The Virgin is seated on a marble seat, intricately carved and decorated with multi-coloured inlay, outlined in gold. It resembles a Roman tomb, perhaps as a reminder of Christ’s future sacrifice at his Crucifixion. Here, Christ is shown as an infant, tenderly reaching to touch his mother’s face, a gesture also found in paintings by Duccio, Siena’s most renowned painter in the fourteenth century.
The fine detail, the decorative use of gold leaf and the gentle and graceful nature of the holy figures are key features of Sienese painting of this period. Ugolino da Nerio was a Sienese artist who was working at the same time as Duccio; he would have known Duccio’s work well and emulated his style. When this work was purchased, it was thought to be by Duccio but recent technical analysis of the drawing beneath the painted surface compares it more closely to documented works by Ugolino.

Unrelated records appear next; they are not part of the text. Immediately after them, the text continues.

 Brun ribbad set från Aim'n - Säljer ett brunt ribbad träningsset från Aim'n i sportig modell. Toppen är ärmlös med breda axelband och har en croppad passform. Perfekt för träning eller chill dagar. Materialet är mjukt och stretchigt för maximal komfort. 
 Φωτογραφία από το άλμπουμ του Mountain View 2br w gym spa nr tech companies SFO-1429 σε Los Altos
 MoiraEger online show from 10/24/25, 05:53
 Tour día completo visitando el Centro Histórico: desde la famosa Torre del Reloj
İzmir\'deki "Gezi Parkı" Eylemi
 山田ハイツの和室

The careful painting of intricate details in this small panel, made for private contemplation, transforms it into a precious object as well as an aid to devotion. Even the reverse, painted to imitate marble, was not neglected, indicating that it was made to be portable rather than fixed to a wall. The owner might have taken it with him on his travels as a focus for prayer when away from home. It may have been hinged to another panel to form a diptych, which could have been closed like a book to protect the images within.

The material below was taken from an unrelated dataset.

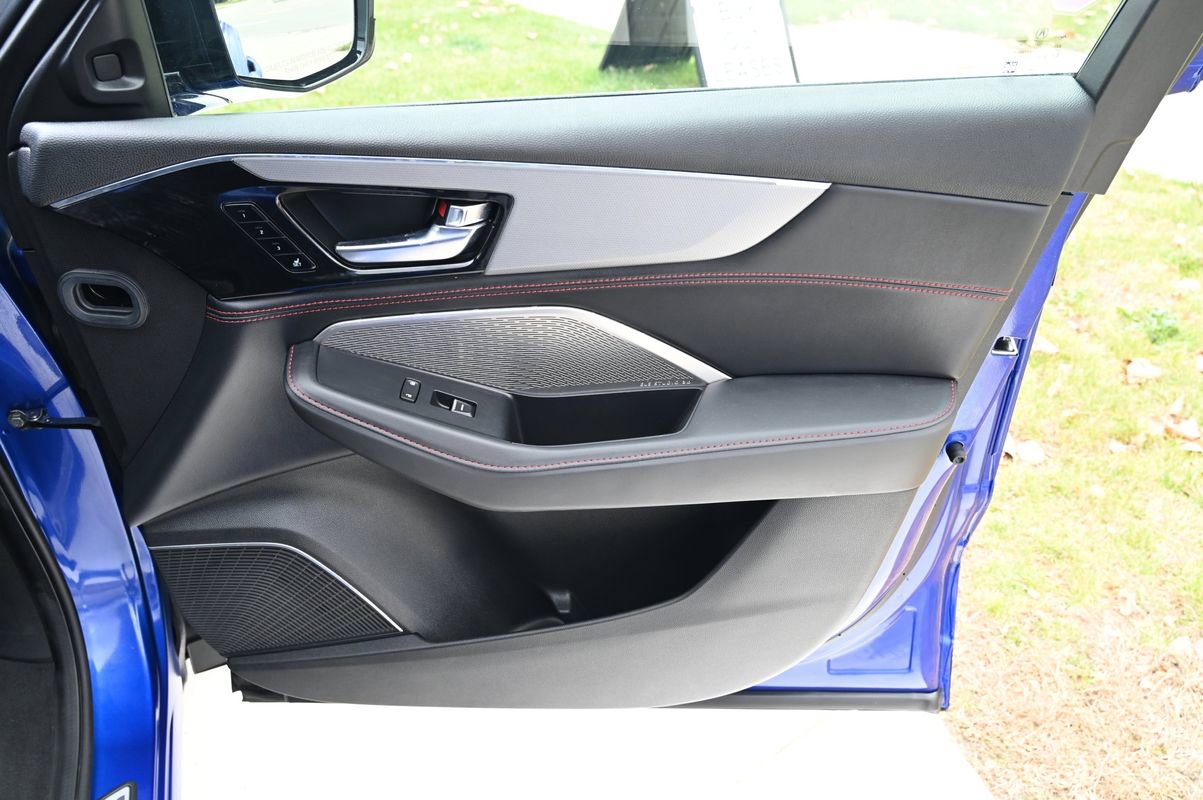 Used 2023 Acura MDX A-Spec image 43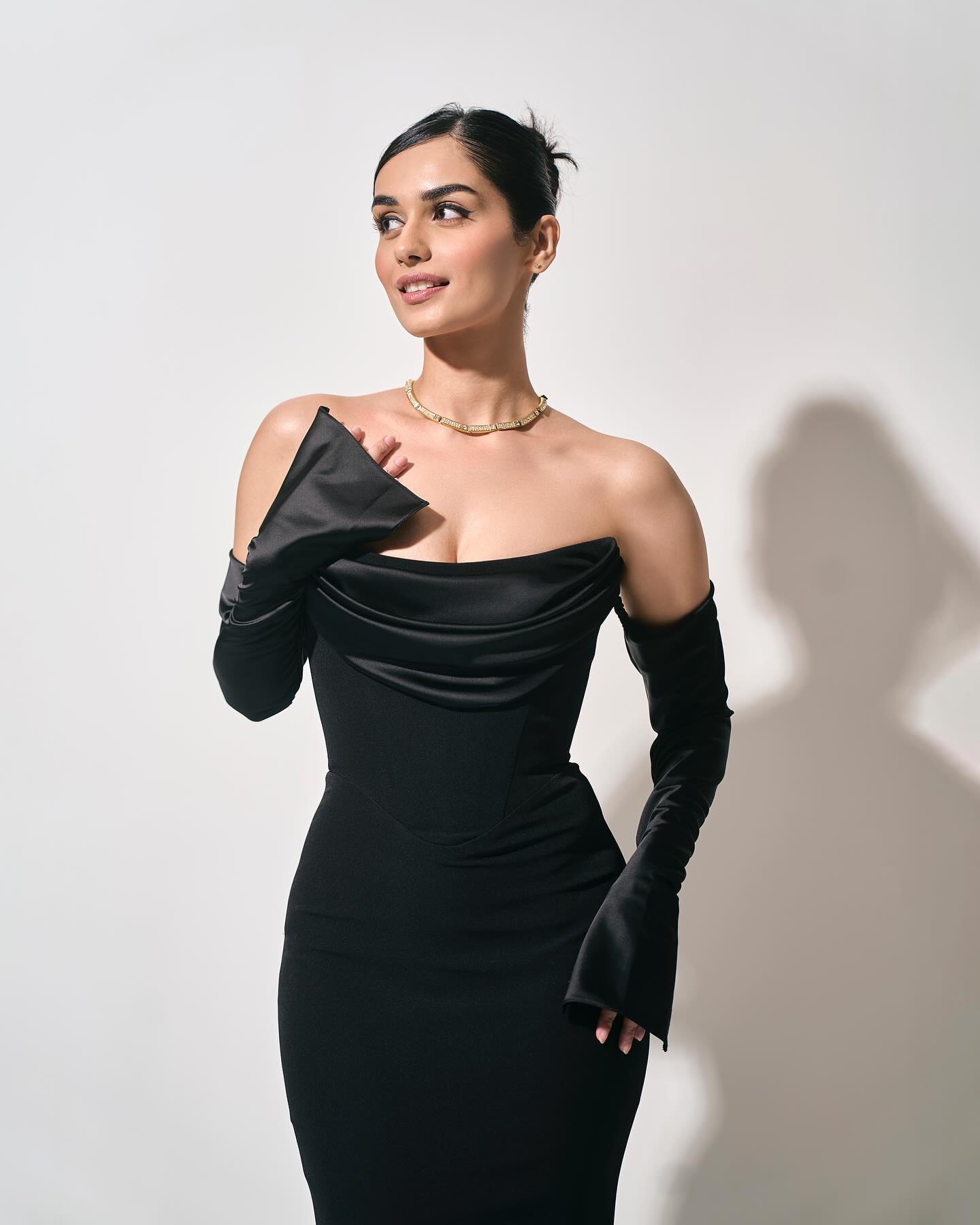 Long Sleeve Strapless Draped Maxi Dress HV2127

The Virgin Mary holds the Christ Child in her arms. She is seated on a green cushion placed upon a marble box-like seat – its surface and the step supporting her feet are decorated with coloured marble inlays outlined with gilding. The front is carved with acanthus leaves and rosettes recalling Roman sarcophagi (marble tombs) which were usually elaborately decorated. The corbels that jut out beneath the upper surface are similar to those found supporting roofs in ancient buildings and seem to suggest that, like a tomb, the structure has a lid. Two angels hold up a red cloth, embroidered with gold thread, creating a makeshift throne. The combination of tomb and throne may be intended to make a theological point about Christ’s dual nature as human and divine. As a human he was crucified and died but as a divine being he was resurrected, majestically triumphing over death. Here Christ is still a baby, his little foot resting upon his mother’s wrist as he reaches to touch her face. Her expression is sorrowful, however, as though she is contemplating his future sacrifice.

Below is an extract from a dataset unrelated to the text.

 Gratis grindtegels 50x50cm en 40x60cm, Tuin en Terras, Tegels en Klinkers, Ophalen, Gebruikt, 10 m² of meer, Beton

When this painting was acquired by the National Gallery in 1968 it was thought to be by Duccio di Buoninsegna, the most well-known fourteenth-century Sienese painter. Recently, technical investigation using infrared light has enabled us to see the drawing beneath the painted surface. Comparisons of this drawing with those found under paintings firmly attributed to Duccio, such as The Virgin and Child with Saint Dominic and Saint Aurea, and Patriarchs and Prophets, show how different they are. It compares well, however, with the drawing found on The Betrayal of Christ from the Santa Croce altarpiece – Ugolino’s only surviving signed work.
As accomplished artists from the same city, Ugolino and Duccio would certainly have known each other’s work well. The Christ Child’s tender gesture recalls small panels by Duccio including the picture known as the Stoclet Madonna in the Metropolitan Museum of Art, New York. Examination of the underdrawing shows that the artist changed his mind while painting and diverged from Duccio’s version slightly by turning Christ’s face towards the viewer, perhaps to allow a more engaging view. This little panel has been dated to 1305 to reflect the fact that it resembles Duccio’s work at around this time when, as here, his contours and colours were soft and muted.